Regarding my own personal balance I should start by pointing at the great surprise that was the flamenco show featuring Luis de la Carrasca. What happens with this music genre is that in spite of the absorbing energy that traditionally flamenco groups display on stage, after a while their music starts to sound a little bit reiterative. But that is not the case with de la Carrasca’s “Lo Esencial” which was presented at the Cinquième salle. The group made up of de la Carrasca, two other musicians and two dancers, engaged the audience from beginning to end providing a sample of flamenco music faithful to its Andalusian roots yet open to a more contemporary approach and style.

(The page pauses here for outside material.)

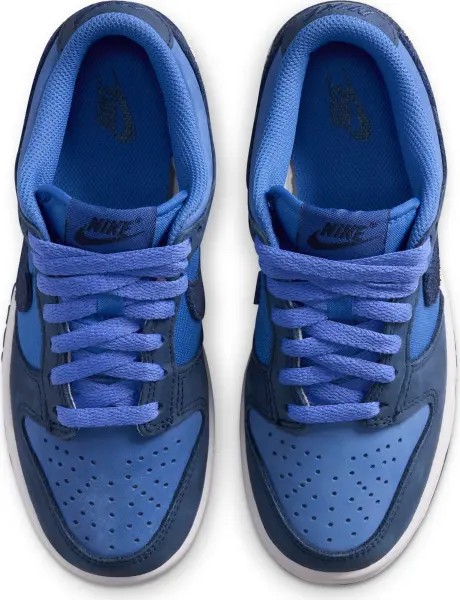 Кросівки підліткові Nike DUNK LOW SE (GS) синьо-темно-сині HQ9293-400
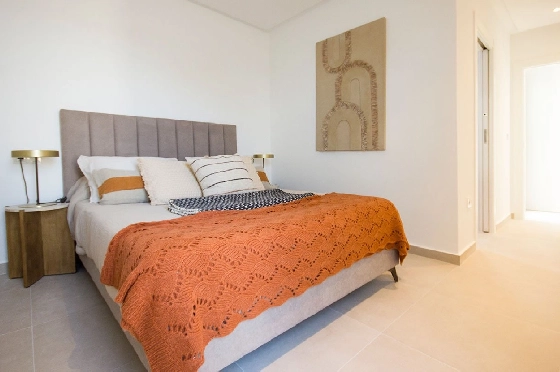 Erdgeschoss Apartment in San Fulgencio zu verkaufen, Wohnfläche 133 m², Zustand Erstbezug, 3 Schlafzimmer, 2 Badezimmer, Pool, ref.: HA-SFN-131-A03-12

Rodrigo and Gabriela a duo of Mexican guitar players presented a show that they themselves don’t dare place in any particular genre: one can certainly identify elements of heavy metal (they were originally involved in a heavy metal band), but as the show continued there were also some echoes of flamenco, jazz and even some—perhaps distant—sonorities of the melodic tunes of Mexican bolero. All of that while mastering their guitars not only as string instruments but, very often, as percussion instruments too.
Then John Pizzarelli and his quartet delivered an exquisite selection that included pieces by great authors like Duke Ellington, Rodgers and Hammerstein, and of course Paul McCartney since the concert had been titled “McCartney and More.” This is an artist that creates a very pleasant relation with his audience and makes the spectators share not only the taste for the music he was playing but also the emotional atmosphere in which his interpretations were created.
Of the outdoor concerts I should finally mention the great performance delivered by Florence K, who with her particular blend of jazz, Latin rhythms and rock managed to keep the public congregated in the Place des Festivals following her songs with special attention, something not so easy to achieve when you are performing to an audience in an outdoor site.
The 37th of the Jazz Fest will take place next year from June 30 to July 9.